• How to complete this task:
A complete and exact copy of the entries below is the expected result.

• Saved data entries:
************

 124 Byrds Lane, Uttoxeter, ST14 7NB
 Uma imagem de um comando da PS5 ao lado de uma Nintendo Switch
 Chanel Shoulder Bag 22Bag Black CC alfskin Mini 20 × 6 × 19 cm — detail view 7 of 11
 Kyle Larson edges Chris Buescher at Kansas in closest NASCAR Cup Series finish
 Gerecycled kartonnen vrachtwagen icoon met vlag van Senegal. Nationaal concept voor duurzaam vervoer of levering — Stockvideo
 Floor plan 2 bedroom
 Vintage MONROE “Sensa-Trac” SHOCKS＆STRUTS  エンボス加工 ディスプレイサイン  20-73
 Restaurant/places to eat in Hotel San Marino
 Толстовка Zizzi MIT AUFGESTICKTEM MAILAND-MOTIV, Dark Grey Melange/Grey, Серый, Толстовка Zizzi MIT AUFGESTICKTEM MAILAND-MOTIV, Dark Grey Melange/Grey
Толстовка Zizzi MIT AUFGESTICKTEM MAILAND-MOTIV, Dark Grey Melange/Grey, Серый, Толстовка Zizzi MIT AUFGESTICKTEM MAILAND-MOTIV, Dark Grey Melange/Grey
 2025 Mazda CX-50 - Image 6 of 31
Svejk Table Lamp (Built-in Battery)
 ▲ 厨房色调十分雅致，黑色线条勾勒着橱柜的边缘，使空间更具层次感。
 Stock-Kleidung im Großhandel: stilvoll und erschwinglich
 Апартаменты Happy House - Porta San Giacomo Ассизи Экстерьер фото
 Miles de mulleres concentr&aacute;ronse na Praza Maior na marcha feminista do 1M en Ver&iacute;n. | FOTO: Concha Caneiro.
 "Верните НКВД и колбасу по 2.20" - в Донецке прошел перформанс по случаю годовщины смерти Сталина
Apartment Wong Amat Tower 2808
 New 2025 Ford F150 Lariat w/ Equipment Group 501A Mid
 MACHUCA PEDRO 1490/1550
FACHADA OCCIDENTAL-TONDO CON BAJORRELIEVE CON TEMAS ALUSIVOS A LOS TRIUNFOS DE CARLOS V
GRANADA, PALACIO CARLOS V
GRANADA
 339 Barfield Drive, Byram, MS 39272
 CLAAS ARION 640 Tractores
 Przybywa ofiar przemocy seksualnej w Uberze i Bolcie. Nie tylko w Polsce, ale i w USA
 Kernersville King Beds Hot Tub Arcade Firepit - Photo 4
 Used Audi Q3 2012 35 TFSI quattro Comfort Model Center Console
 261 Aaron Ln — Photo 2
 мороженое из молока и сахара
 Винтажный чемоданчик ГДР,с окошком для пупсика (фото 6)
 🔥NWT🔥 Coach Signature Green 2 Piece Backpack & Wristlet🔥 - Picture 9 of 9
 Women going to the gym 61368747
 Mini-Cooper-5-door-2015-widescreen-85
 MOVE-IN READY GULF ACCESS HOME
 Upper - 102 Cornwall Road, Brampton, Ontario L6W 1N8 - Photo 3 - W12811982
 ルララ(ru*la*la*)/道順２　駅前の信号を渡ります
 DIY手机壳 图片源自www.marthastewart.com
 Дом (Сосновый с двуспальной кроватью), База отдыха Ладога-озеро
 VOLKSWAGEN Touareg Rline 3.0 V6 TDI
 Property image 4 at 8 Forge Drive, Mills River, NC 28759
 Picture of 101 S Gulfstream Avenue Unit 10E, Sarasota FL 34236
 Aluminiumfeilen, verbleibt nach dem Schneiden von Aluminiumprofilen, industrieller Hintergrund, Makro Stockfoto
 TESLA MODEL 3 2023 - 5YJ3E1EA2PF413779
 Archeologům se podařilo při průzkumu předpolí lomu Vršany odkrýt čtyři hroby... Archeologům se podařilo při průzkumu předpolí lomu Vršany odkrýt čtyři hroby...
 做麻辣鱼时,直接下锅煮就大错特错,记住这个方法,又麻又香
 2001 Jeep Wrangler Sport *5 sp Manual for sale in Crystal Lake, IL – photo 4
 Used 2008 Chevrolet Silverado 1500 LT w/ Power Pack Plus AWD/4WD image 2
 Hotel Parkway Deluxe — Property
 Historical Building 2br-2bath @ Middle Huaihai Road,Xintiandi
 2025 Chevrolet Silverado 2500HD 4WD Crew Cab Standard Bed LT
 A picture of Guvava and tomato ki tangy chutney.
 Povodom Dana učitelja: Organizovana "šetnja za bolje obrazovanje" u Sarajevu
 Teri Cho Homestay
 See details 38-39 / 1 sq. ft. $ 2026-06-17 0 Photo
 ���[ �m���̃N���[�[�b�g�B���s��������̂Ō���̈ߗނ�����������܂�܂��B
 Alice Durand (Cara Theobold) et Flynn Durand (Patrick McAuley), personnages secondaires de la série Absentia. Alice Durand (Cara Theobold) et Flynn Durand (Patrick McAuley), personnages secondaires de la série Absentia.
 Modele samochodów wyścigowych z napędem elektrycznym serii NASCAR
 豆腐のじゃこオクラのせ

************

• Expected output:
 124 Byrds Lane, Uttoxeter, ST14 7NB
 Uma imagem de um comando da PS5 ao lado de uma Nintendo Switch
 Chanel Shoulder Bag 22Bag Black CC alfskin Mini 20 × 6 × 19 cm — detail view 7 of 11
 Kyle Larson edges Chris Buescher at Kansas in closest NASCAR Cup Series finish
 Gerecycled kartonnen vrachtwagen icoon met vlag van Senegal. Nationaal concept voor duurzaam vervoer of levering — Stockvideo
 Floor plan 2 bedroom
 Vintage MONROE “Sensa-Trac” SHOCKS＆STRUTS  エンボス加工 ディスプレイサイン  20-73
 Restaurant/places to eat in Hotel San Marino
 Толстовка Zizzi MIT AUFGESTICKTEM MAILAND-MOTIV, Dark Grey Melange/Grey, Серый, Толстовка Zizzi MIT AUFGESTICKTEM MAILAND-MOTIV, Dark Grey Melange/Grey
Толстовка Zizzi MIT AUFGESTICKTEM MAILAND-MOTIV, Dark Grey Melange/Grey, Серый, Толстовка Zizzi MIT AUFGESTICKTEM MAILAND-MOTIV, Dark Grey Melange/Grey
 2025 Mazda CX-50 - Image 6 of 31
Svejk Table Lamp (Built-in Battery)
 ▲ 厨房色调十分雅致，黑色线条勾勒着橱柜的边缘，使空间更具层次感。
 Stock-Kleidung im Großhandel: stilvoll und erschwinglich
 Апартаменты Happy House - Porta San Giacomo Ассизи Экстерьер фото
 Miles de mulleres concentr&aacute;ronse na Praza Maior na marcha feminista do 1M en Ver&iacute;n. | FOTO: Concha Caneiro.
 "Верните НКВД и колбасу по 2.20" - в Донецке прошел перформанс по случаю годовщины смерти Сталина
Apartment Wong Amat Tower 2808
 New 2025 Ford F150 Lariat w/ Equipment Group 501A Mid
 MACHUCA PEDRO 1490/1550
FACHADA OCCIDENTAL-TONDO CON BAJORRELIEVE CON TEMAS ALUSIVOS A LOS TRIUNFOS DE CARLOS V
GRANADA, PALACIO CARLOS V
GRANADA
 339 Barfield Drive, Byram, MS 39272
 CLAAS ARION 640 Tractores
 Przybywa ofiar przemocy seksualnej w Uberze i Bolcie. Nie tylko w Polsce, ale i w USA
 Kernersville King Beds Hot Tub Arcade Firepit - Photo 4
 Used Audi Q3 2012 35 TFSI quattro Comfort Model Center Console
 261 Aaron Ln — Photo 2
 мороженое из молока и сахара
 Винтажный чемоданчик ГДР,с окошком для пупсика (фото 6)
 🔥NWT🔥 Coach Signature Green 2 Piece Backpack & Wristlet🔥 - Picture 9 of 9
 Women going to the gym 61368747
 Mini-Cooper-5-door-2015-widescreen-85
 MOVE-IN READY GULF ACCESS HOME
 Upper - 102 Cornwall Road, Brampton, Ontario L6W 1N8 - Photo 3 - W12811982
 ルララ(ru*la*la*)/道順２　駅前の信号を渡ります
 DIY手机壳 图片源自www.marthastewart.com
 Дом (Сосновый с двуспальной кроватью), База отдыха Ладога-озеро
 VOLKSWAGEN Touareg Rline 3.0 V6 TDI
 Property image 4 at 8 Forge Drive, Mills River, NC 28759
 Picture of 101 S Gulfstream Avenue Unit 10E, Sarasota FL 34236
 Aluminiumfeilen, verbleibt nach dem Schneiden von Aluminiumprofilen, industrieller Hintergrund, Makro Stockfoto
 TESLA MODEL 3 2023 - 5YJ3E1EA2PF413779
 Archeologům se podařilo při průzkumu předpolí lomu Vršany odkrýt čtyři hroby... Archeologům se podařilo při průzkumu předpolí lomu Vršany odkrýt čtyři hroby...
 做麻辣鱼时,直接下锅煮就大错特错,记住这个方法,又麻又香
 2001 Jeep Wrangler Sport *5 sp Manual for sale in Crystal Lake, IL – photo 4
 Used 2008 Chevrolet Silverado 1500 LT w/ Power Pack Plus AWD/4WD image 2
 Hotel Parkway Deluxe — Property
 Historical Building 2br-2bath @ Middle Huaihai Road,Xintiandi
 2025 Chevrolet Silverado 2500HD 4WD Crew Cab Standard Bed LT
 A picture of Guvava and tomato ki tangy chutney.
 Povodom Dana učitelja: Organizovana "šetnja za bolje obrazovanje" u Sarajevu
 Teri Cho Homestay
 See details 38-39 / 1 sq. ft. $ 2026-06-17 0 Photo
 ���[ �m���̃N���[�[�b�g�B���s��������̂Ō���̈ߗނ�����������܂�܂��B
 Alice Durand (Cara Theobold) et Flynn Durand (Patrick McAuley), personnages secondaires de la série Absentia. Alice Durand (Cara Theobold) et Flynn Durand (Patrick McAuley), personnages secondaires de la série Absentia.
 Modele samochodów wyścigowych z napędem elektrycznym serii NASCAR
 豆腐のじゃこオクラのせ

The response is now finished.